Closed Larofeticus closed 6 years ago
Requires #1453 framework change before merging.
I rebased this to the head of ocean/develop
, then cherry-picked the commit from #1453 and squashed the original ocean changes. This is now a branch that compiles "out of the box". After #1453 is merged, we can remove that first commit on here. I tested this PR with gnu and nightly regression suite is bit for bit with head of ocean/develop.
@Larofeticus please test the new head of this PR. It should be identical to before, but now with the recent framework commits.
I've seen your request for testing.

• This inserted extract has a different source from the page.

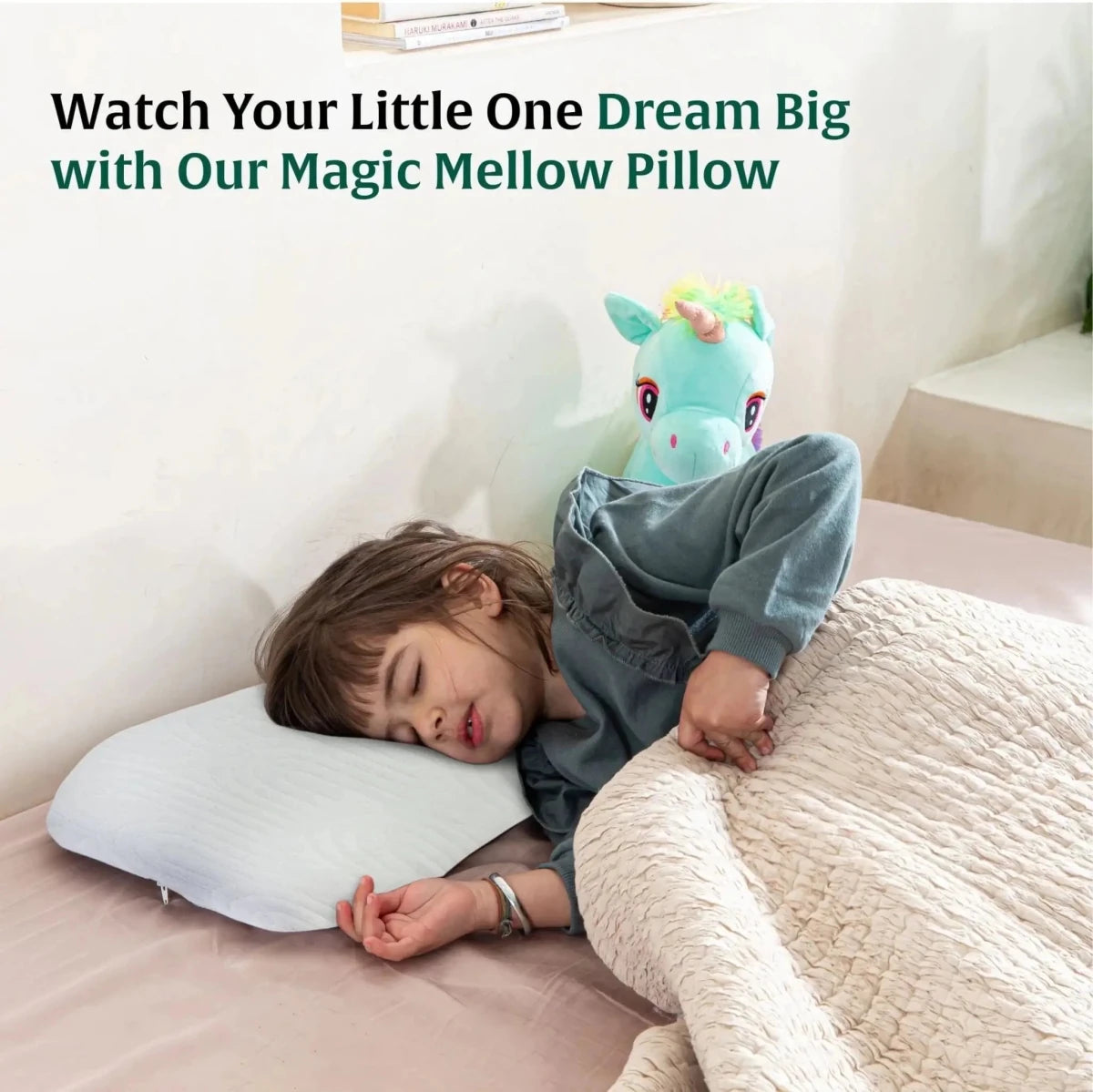 Little Dreamers - Magic Mellow Kids Memory Foam Pillow (3 - 8 Years) - Baby - 3 - 8 Years - Pillow - The White Willow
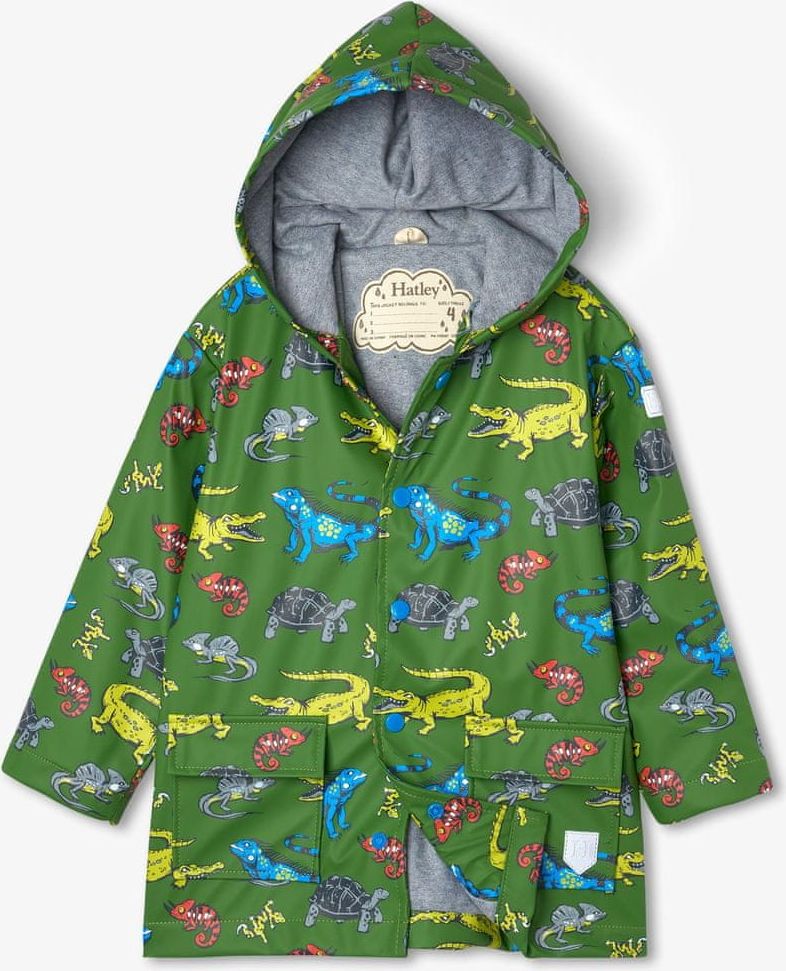Hatley chlapecká nepromokavá bunda do deště Aquatic Reptiles S21REK1336 92 zelená - obrázek 1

Cori is down for maint today so It will need to wait a day or two.
Ok, I was finally able to get a few runs with this repackaging of things and the times and output look consistent with before.
@Larofeticus Now that the framework changes are merged in, I removed the framework commit here. I rebased on the head of ocean/develop
and cherry-picked your previous commit. Please retest, you can use the same test case as you did on Dec 21.
Ok, I got a test run through with this as it currently exists and the outcome looks fine.
This PR remains in the history, but was reverted with commit 18e45cdd6, due to a memory leak when testing with ACME. See MPAS-Dev/MPAS#1490 and ACME PR https://github.com/ACME-Climate/ACME/pull/2041. @Larofeticus could you test this branch further and look for memory leaks? We will need a new PR to bring it back in.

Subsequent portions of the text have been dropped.